▶ _Instructions for the task_: Where a line of the material includes the string "view", copy that line.

============================================================

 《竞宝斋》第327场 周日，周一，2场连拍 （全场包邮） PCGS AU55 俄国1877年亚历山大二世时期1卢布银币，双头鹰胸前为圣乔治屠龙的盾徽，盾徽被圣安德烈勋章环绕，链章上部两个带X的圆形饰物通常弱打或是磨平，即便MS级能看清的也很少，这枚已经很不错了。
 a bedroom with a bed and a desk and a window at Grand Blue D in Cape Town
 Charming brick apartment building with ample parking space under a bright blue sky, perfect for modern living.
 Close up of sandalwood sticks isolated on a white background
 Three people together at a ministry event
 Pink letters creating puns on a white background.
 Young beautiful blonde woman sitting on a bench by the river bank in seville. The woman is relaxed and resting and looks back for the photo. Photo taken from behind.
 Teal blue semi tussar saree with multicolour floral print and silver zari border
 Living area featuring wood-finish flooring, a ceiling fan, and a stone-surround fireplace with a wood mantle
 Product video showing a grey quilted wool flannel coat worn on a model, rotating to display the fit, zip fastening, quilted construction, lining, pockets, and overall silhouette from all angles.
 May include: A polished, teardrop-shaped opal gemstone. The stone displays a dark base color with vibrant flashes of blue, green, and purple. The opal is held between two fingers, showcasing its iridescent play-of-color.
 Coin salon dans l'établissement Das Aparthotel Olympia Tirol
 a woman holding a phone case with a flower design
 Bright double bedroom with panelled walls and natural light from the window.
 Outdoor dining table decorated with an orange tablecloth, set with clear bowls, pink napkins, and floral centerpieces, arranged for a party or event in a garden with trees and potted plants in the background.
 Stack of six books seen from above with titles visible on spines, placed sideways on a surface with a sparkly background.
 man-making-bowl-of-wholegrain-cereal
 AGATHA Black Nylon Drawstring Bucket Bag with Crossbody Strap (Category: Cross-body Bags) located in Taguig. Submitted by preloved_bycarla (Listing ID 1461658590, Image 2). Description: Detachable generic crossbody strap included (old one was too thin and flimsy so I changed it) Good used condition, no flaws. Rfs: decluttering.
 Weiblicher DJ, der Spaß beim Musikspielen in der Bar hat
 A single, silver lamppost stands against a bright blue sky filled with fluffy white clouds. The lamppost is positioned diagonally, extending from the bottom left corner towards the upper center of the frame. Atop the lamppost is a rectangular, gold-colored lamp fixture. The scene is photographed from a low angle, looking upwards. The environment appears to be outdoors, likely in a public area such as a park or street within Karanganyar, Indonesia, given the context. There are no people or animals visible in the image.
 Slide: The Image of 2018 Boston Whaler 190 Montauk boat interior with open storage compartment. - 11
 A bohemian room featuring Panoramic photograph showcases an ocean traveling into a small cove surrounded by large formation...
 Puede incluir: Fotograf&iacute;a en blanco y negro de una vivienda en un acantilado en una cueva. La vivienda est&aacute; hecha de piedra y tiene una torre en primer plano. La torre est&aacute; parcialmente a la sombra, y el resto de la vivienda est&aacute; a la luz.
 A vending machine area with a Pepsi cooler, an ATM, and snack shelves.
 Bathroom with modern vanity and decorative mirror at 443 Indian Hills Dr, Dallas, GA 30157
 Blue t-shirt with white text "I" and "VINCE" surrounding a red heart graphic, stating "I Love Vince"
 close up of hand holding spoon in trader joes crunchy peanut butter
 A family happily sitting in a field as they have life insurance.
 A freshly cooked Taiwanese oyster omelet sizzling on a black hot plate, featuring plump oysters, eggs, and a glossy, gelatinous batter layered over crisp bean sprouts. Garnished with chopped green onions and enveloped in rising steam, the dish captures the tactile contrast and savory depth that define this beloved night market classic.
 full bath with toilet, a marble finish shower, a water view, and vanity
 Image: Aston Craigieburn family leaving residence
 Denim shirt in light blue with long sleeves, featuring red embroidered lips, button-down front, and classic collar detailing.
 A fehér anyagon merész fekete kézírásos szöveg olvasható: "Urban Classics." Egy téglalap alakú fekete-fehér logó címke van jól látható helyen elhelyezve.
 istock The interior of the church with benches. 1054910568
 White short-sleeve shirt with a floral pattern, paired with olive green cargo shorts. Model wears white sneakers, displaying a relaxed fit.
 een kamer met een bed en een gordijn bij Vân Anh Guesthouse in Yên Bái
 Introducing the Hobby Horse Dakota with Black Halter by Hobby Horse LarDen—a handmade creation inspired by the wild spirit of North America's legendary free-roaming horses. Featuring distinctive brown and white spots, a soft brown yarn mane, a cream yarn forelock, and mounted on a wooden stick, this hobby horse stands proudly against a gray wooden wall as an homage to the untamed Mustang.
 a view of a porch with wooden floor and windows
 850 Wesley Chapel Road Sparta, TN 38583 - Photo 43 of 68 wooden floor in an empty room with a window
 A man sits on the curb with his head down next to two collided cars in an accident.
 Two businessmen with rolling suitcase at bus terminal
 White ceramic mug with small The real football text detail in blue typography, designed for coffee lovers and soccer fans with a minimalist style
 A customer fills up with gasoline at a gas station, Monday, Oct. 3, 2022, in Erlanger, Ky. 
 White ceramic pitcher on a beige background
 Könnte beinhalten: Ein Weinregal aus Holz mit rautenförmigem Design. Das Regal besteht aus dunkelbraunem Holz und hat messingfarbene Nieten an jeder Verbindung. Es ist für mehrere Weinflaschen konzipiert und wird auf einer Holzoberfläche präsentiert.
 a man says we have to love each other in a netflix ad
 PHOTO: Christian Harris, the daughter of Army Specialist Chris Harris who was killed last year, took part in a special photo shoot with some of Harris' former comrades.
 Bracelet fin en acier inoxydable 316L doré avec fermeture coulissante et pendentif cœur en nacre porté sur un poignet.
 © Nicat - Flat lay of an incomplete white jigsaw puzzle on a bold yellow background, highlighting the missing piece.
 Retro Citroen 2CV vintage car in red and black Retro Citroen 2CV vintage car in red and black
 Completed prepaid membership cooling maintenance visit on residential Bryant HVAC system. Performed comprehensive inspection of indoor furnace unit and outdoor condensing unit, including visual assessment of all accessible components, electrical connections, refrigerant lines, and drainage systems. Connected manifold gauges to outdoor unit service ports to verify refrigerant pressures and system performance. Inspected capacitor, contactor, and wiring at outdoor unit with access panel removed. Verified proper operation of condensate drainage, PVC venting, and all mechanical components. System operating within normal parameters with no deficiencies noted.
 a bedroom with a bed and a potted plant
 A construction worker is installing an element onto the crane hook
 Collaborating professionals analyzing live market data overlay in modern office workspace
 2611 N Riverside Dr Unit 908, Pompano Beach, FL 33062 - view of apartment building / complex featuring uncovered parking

============================================================

▶ _Solution to the exercise_:
 full bath with toilet, a marble finish shower, a water view, and vanity
 a view of a porch with wooden floor and windows
 2611 N Riverside Dr Unit 908, Pompano Beach, FL 33062 - view of apartment building / complex featuring uncovered parking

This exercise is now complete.